Transparency helps employees feel more like they are part of a team. That’s why I have always tried to keep my staff in the loop on activities in our organization. It shouldn’t be surprising that a Harris Poll found that more than 70% of employees were more engaged when their company shared organizational goals, objectives, and activities.
So, while you might have an external communications strategy for your organization, you might also want to create another one for your team and other stakeholders. Among other things, I found open communications eliminated rumors and false narratives.
For me, it starts with strategic planning. While such efforts are sometimes done exclusively by boards and key executives, I believe that organizations benefit from the participation of operational staff. They know what is going on and have a clear perspective of an organization’s internal strengths and weaknesses. Staff participation is especially important during the establishment of action steps. It sends a clear message to your staff when they – or a representative number – get to participate in this critical planning effort.

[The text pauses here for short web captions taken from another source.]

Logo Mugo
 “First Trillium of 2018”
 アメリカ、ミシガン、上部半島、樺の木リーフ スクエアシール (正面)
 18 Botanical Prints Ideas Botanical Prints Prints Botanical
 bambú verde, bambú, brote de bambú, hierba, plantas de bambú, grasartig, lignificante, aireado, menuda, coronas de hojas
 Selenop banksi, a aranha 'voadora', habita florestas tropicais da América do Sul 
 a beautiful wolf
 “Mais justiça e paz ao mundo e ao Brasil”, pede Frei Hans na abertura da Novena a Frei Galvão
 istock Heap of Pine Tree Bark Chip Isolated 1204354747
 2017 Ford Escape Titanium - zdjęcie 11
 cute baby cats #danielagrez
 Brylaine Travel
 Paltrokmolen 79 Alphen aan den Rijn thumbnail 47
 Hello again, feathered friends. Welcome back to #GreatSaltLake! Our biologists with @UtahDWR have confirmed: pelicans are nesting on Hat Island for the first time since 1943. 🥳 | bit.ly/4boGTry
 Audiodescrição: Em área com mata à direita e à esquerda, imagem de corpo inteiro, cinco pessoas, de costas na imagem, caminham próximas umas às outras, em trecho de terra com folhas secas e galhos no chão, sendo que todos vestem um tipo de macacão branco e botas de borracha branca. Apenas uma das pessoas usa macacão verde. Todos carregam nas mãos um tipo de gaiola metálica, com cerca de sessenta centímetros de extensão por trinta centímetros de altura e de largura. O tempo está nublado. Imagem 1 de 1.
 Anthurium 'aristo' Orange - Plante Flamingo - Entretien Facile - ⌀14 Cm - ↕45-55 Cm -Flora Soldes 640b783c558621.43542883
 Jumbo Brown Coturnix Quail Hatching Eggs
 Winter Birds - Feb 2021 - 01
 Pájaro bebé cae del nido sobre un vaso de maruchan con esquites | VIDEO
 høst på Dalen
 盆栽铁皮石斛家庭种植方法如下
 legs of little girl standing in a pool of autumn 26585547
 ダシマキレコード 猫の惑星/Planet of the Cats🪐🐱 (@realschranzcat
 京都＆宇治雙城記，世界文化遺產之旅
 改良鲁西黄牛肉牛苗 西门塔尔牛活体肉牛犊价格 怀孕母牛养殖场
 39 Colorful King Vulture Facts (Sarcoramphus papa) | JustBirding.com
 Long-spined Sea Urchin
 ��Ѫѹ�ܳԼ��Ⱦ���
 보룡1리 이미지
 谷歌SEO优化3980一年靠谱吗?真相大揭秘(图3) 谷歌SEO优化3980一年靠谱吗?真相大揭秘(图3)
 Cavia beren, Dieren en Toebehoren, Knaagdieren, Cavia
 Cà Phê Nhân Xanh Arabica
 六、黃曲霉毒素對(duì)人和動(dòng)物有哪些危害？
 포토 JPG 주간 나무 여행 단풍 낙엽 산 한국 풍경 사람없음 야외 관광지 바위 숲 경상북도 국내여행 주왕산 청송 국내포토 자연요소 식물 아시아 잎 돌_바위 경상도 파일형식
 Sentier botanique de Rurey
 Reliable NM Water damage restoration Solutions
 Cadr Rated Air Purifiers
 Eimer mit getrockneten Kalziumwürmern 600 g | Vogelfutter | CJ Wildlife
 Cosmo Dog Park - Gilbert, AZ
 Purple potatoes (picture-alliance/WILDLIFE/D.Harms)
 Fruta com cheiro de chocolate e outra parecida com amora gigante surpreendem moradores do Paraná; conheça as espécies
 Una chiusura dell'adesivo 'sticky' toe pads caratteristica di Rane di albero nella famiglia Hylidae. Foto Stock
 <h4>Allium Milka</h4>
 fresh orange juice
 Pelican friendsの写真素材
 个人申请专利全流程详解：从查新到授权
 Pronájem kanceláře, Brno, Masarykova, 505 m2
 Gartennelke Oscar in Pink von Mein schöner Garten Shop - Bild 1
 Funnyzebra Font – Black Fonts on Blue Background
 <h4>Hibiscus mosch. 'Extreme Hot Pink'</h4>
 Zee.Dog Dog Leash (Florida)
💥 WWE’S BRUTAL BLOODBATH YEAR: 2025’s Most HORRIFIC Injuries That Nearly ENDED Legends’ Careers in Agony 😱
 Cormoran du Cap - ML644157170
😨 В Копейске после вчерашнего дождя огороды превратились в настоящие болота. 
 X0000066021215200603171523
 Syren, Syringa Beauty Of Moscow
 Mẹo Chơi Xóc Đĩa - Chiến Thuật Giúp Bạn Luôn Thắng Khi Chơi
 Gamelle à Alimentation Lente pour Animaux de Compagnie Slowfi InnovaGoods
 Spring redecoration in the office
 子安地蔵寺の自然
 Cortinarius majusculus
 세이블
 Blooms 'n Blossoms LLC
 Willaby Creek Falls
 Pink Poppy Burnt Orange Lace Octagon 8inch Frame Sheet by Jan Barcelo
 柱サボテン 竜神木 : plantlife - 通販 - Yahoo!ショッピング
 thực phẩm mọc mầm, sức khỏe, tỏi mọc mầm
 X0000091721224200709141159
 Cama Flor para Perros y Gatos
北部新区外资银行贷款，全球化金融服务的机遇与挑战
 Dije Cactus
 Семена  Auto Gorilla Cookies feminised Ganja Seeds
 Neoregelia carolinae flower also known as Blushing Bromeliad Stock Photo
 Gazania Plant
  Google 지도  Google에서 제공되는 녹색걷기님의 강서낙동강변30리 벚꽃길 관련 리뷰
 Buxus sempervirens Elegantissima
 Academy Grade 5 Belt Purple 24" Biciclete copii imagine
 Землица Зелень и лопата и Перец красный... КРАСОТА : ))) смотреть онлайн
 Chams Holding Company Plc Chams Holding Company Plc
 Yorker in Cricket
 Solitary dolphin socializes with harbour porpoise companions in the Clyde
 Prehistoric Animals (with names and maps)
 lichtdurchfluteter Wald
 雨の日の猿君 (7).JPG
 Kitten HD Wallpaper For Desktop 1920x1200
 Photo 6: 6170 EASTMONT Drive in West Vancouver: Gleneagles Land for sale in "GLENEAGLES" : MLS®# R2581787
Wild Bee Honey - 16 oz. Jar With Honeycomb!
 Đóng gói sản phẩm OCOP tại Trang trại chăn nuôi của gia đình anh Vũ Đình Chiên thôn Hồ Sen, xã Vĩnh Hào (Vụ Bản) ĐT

Some people think that monthly all-staff meetings can be seen as a waste of time. And if they are just a venue for pronouncements from the boss, I guess they could be. At my meetings, I might have some announcements and updates, but then I would ask everyone if they would like to mention something they were working on, proud of, or had any questions. Occasionally the questions were uncomfortable or even unfair. But, I felt that if someone had a question, they had a right to ask it rather than be fodder for hallway conversations. The only subjects that were off-limits were individual personnel, confidential, or legal matters.
In addition, every Monday morning, all staff members would receive an email update from me. Because I was in a position to know what was going on throughout our organization, I used the emails to provide updates. I also shared industry news and progress we were making towards our various goals. Sometimes people responded with questions that I tried to respond to in my next update.
Your internal communication strategy should be more than feel-good public relations. Share bad or troubling news too. People will want to know and deserve the truth.
Another essential part of your effort to be open with your staff is an honest discussion about their performance and where they stand in the organization. That’s why regular performance evaluations should be part of your plan. As part of performance evaluations, some groups conduct 360 reviews to provide confidential feedback on managers and peers. Maybe it is time for an anonymous survey of employees regarding the way the organization is operating. Releasing the survey findings is essential to demonstrate transparency and can be used as the beginning of a discussion of how issues might be addressed. Laura Grieco, HR and administration director at ParkMobile, told Business News Daily, “Feedback and the ability to understand employee concerns is important, but it’s what you do after that’s critical to retention. You should always be transparent by sharing what you’ve learned and a course of action for addressing the issue. For example, after a recent company wide engagement survey, we chose to share our results with all employees. We communicated our top areas of success and our areas for improvement and how we planned to address them moving forward. Transparent communication and a simple acknowledgment that we heard you can go a long way.”
An investment of time by management in two-way communications and dealing with their employees’ concerns will maintain a higher level of trust and job satisfaction.